In some embodiments, the fitting module 232 may be configured to, in conjunction with the processors 226, apply deformations to a 3D model of a product in order to fit it onto a 3D model of a user. The fitting module 232 may have access to one or more rules which delineate how specific product types (e.g., shirt, pants, etc. ) should be deformed (e.g., stretched and/or bended) in order to be fit onto a user model. In order to fit a 3D model of a product onto a 3D model of a user, the fitting module 232 may snap certain portions of the 3D model of the product onto specific portions of the 3D model of the user. For example, the 3D model of a shirt may be positioned so that sleeves of the 3D model of the shirt encompass the arms of a 3D model of a user. Additionally, the 3D model of a shirt may be also be positioned so that the collar of the 3D model of the shirt encompasses a neck of a 3D model of a user. The remainder of the 3D model of the shirt may then be deformed such that the interior of the 3D model of the shirt lies outside of or along the exterior of the 3D model of the user by stretching and bending the portions of the 3D model of the shirt.

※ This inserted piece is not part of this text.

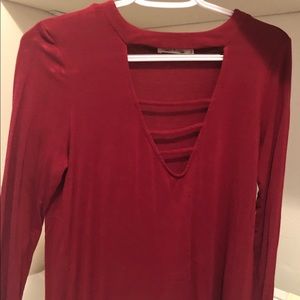 Long-sleeve Partial Crop Top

In some embodiments, the pose module 234 may be configured to, in conjunction with the processors 226, identify a pose of a presenter (i.e., a human figure) within a streaming data and apply that pose to a combination of a 3D model of a product fitted onto a 3D model of a user as generated by the fitting module 232. This may involve using one or more pose estimation techniques to determine a current pose of a presenter within the data stream. For example, the pose module 234 may use machine learning to determine a pose of the presenter within a data stream. One skilled in the art would recognize that a number of suitable pose estimation techniques are available. In some embodiments, the pose module 234 may then apply the determined pose to the user model (having fitted onto it the product model) . This may involve repositioning one or more appendages or body parts of the user model until the determined pose is achieved. In some embodiments, the pose module 234 may monitor the pose of the presenter within the streaming data and may adjust a pose of the user model to match the pose of the presenter as changes in the presenter’s pose are detected.

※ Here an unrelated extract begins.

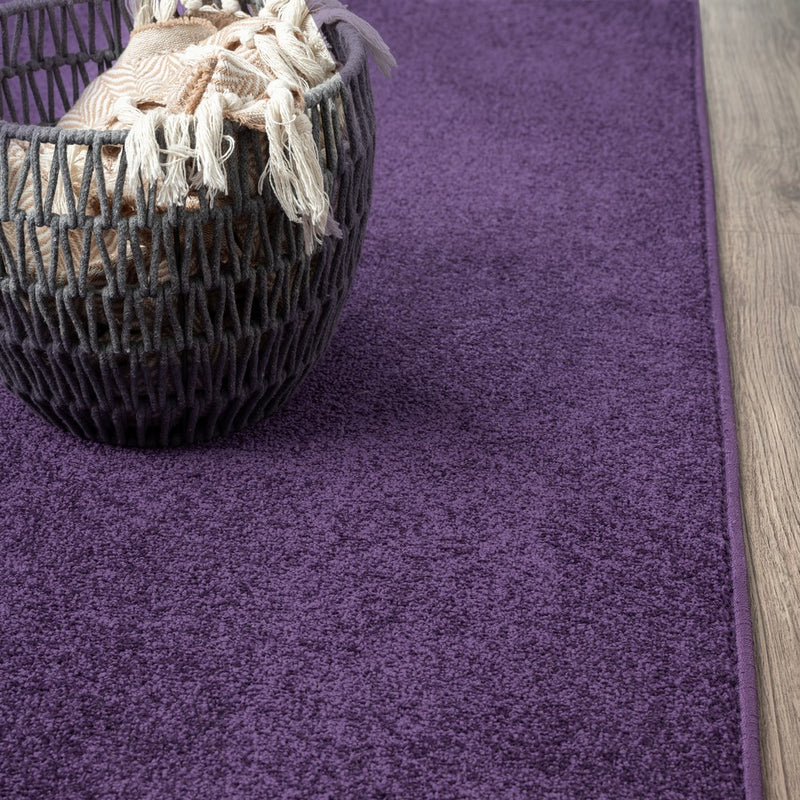 Haze Solid Low-pile Area Rug Purple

Once the pose module has adjusted a pose of the combined user model and product model, the pose module 234 may render the combined user model and product model. In some embodiments, the combined user model and product model may be rendered in a small window, which is then placed in a discreet location within the streaming data. For example, where the streaming data is a video, the combined user model and product model may be rendered within a window located in a lower corner of the video. The rendering would allow the user to visualize the product on him/herself. Note that while the pose module 234 and the fitting module 232 are described with respect to the mobile application server 204, the functionality described as being performed by one or more of the modules may be performed by the mobile application on the user device 202 instead.

In some embodiments, each of the object entries within the object model database 240 may be associated with a 3D model of that object. In these embodiments, the 3D model may be combined with a second 3D model of a user and provided to the mobile application 216 such that the user device 202 is caused to display the combination of the 3D models on a display of the user device as augmented into streaming data. The mobile application 216 may dynamically update a pose of the combination of the 3D models on the display of the user device as a pose of a presenter with the streaming data is updated.

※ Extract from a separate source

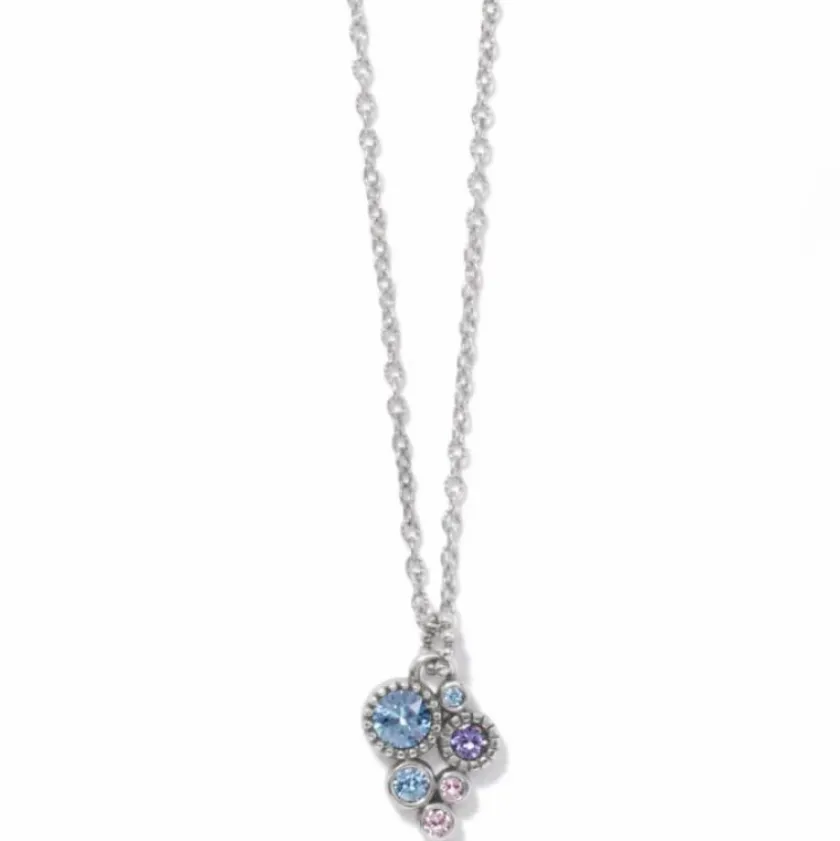 Brighton Halo Radiance Petite Necklace Silver-Tanzanite Best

FIG. 3 is a simplified flowchart illustrating a method of presenting a data stream augmented with virtual fit data according to an embodiment of the present disclosure. The flow is described in connection with a computer system that is an example of the computer systems described herein. Some or all of the operations of the flows can be implemented via specific hardware on the computer system and/or can be implemented as computer-readable instructions stored on a non-transitory computer-readable medium of the computer system. As stored, the computer-readable instructions represent programmable modules that include code executable by a processor of the computer system. The execution of such instructions configures the computer system to perform the respective operations. Each programmable module in combination with the processor represents a means for performing a respective operation (s) . While the operations are illustrated in a particular order, it should be understood that no particular order is necessary and that one or more operations may be omitted, skipped, and/or reordered.

To begin the process 300, one or more products 302 are scanned to generate product model data 304. The product model 304 are generated as 3D virtual representations of the product 302 which may be generated by scanning the product 302 using cameras and or depth sensors from multiple view angles. At step 1 of process 300, a number of generated product models 304 are provided to the mobile application server 204 to be stored in object model data 240. Product models 304 may be generated by a number of different entities. For example, a product model for a particular product may be generated by a manufacturer of that product.

Separately, a user is scanned using a camera and/or depth sensor installed on a user device 202 to generate a user model data 308 at step 2 of process 300. Some example techniques for generating a model of an object (e.g., a user) are described in greater detail with respect to FIG. 4 below. At step 3 of process 300, the user model data 308 is transmitted to the mobile application server 204 to be stored in user model data 238. In some cases, the user model data 308 may be stored in relation to an account maintained for the user that was scanned.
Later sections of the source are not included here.